Cara Luana,
É a primeira vez que lhe escrevo e eu gosto imenso disto: a idéia de uma nova correspondente me faz sorrir — me leva de volta no tempo, quando os envelopes chegavam de várias partes do mundo, dizendo novidades singulares.
E eu que não era boa em conviver com pessoas, estabelecia contato com “novas formas de vida”. Criaturas feitas de papel: sem corpos. Apenas alma… Traduzida em palavras, que diziam realidades, lugares e teciam confissões.
Sabia tudo e nada a respeito daquelas figuras disformes. Achava curioso quando recebia fotografias. Na qualidade de leitora, o meu imaginário desenhava possibilidades — raramente acertava. Pior, às vezes, acontecia de a imagem enviada entrar em conflito e não combinar com o que dizia as linhas das missivas que lia. Era um efeito espantoso, minha cara.
Eu me lembrava da descrição feita pela poeta Emily Dickinson em carta enviado ao Senhor Thomas Higginson e me divertia horrores ao tentar imitá-la — repetindo-a: sem enviar uma fotografia minha.
Curioso pensar nisso ao escrever-te nesse tempo de exaltação do “eu” — as redes sociais nos vendem e eu só consigo repetir o verso de Caetano “é que Narciso acha feio o que não é espelho”.
Enfim, se fosse me descrever para você nessas linhas, eu repetiria a menina que eu fui: arisca e rebelde, inquieta e atrevida. Pouca coisa mudou nesse sentido. Para lhe ser sincera, penso que piorei.

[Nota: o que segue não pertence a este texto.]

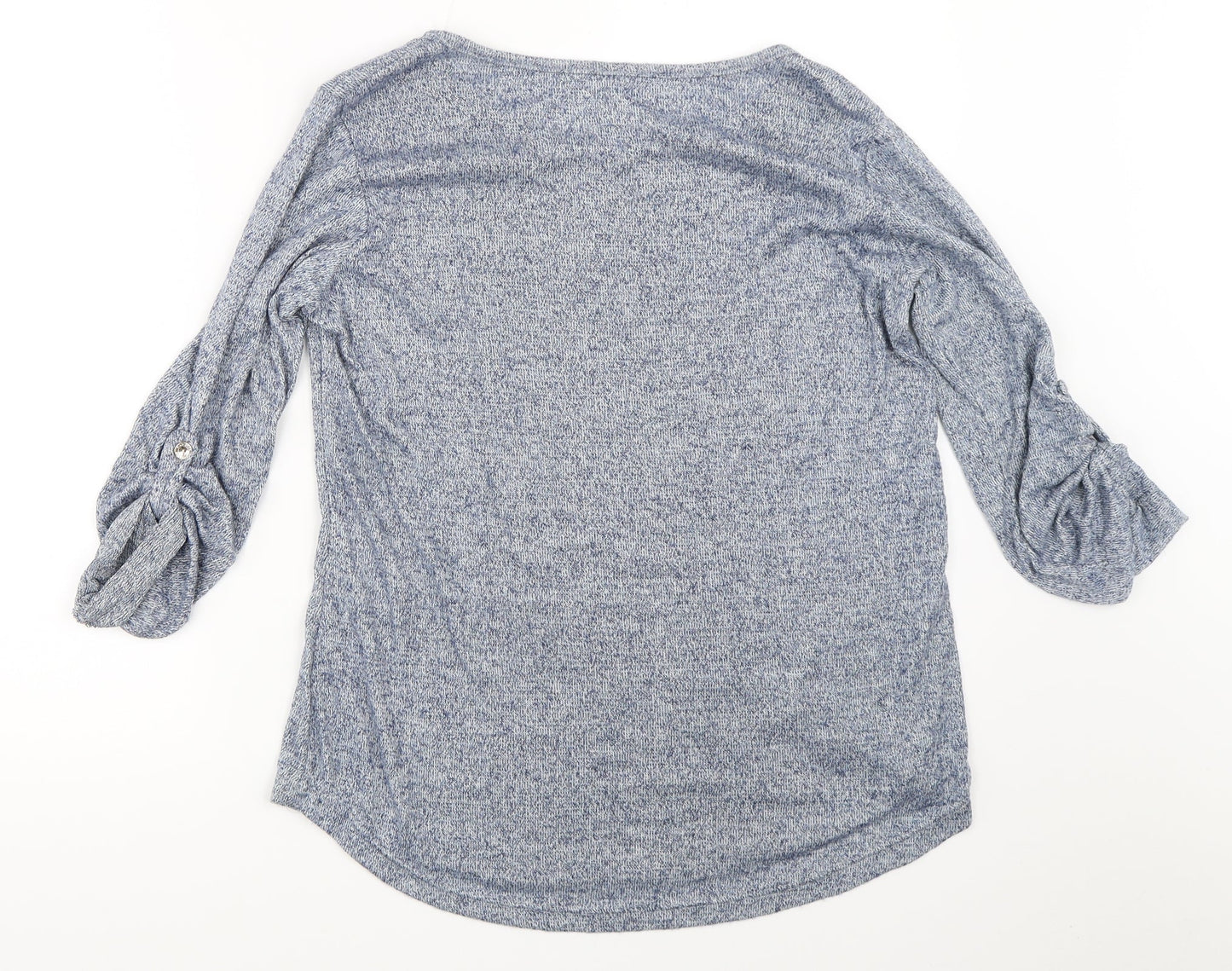 Womens UK Size M Stella Blue Pullover Jumper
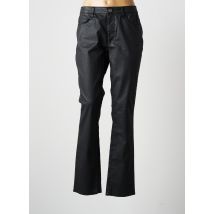 KARTING - Pantalon slim noir en coton pour femme - Taille 46 - Modz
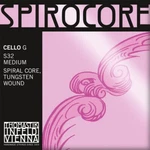 Thomastik Spirocore S32 4/4 Violoncello String, Tungsten Braided. Fixed Price $135.64.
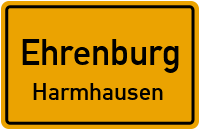 Straßen in Ehrenburg Harmhausen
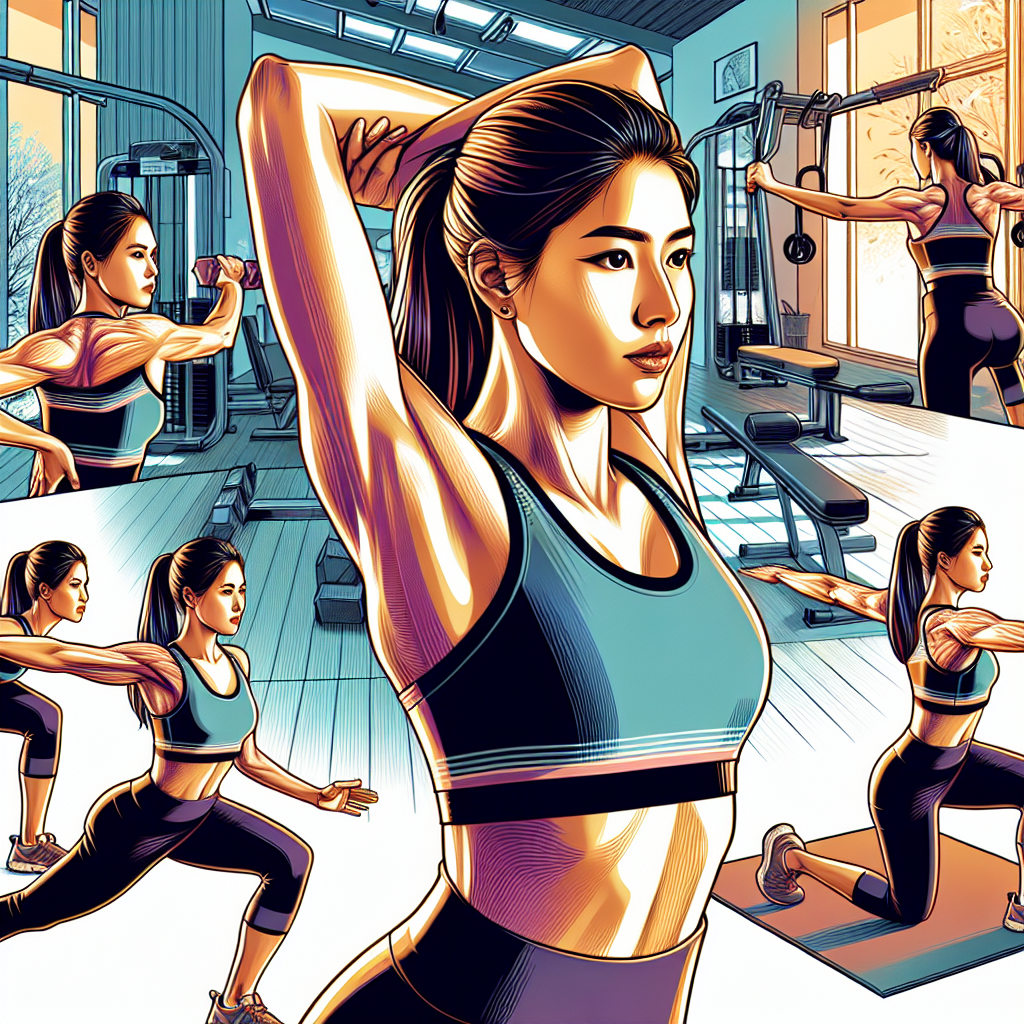 Shoulder Exercises – Barbell Jack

Mas sigo sendo marinheira… De primeira viagem (?) talvez… A única certeza que tenho é que estou sempre disposta ao embarque e sou a que grita alto por dentro: barco a deriva, consciente de que essa é a minha melhor condição.
Grata por receber-me em tuas preciosas mãos e aceitar-me em teus olhos.
Au revoir
De vez em quando eu me pego intrusa nas missivas destinadas a outros.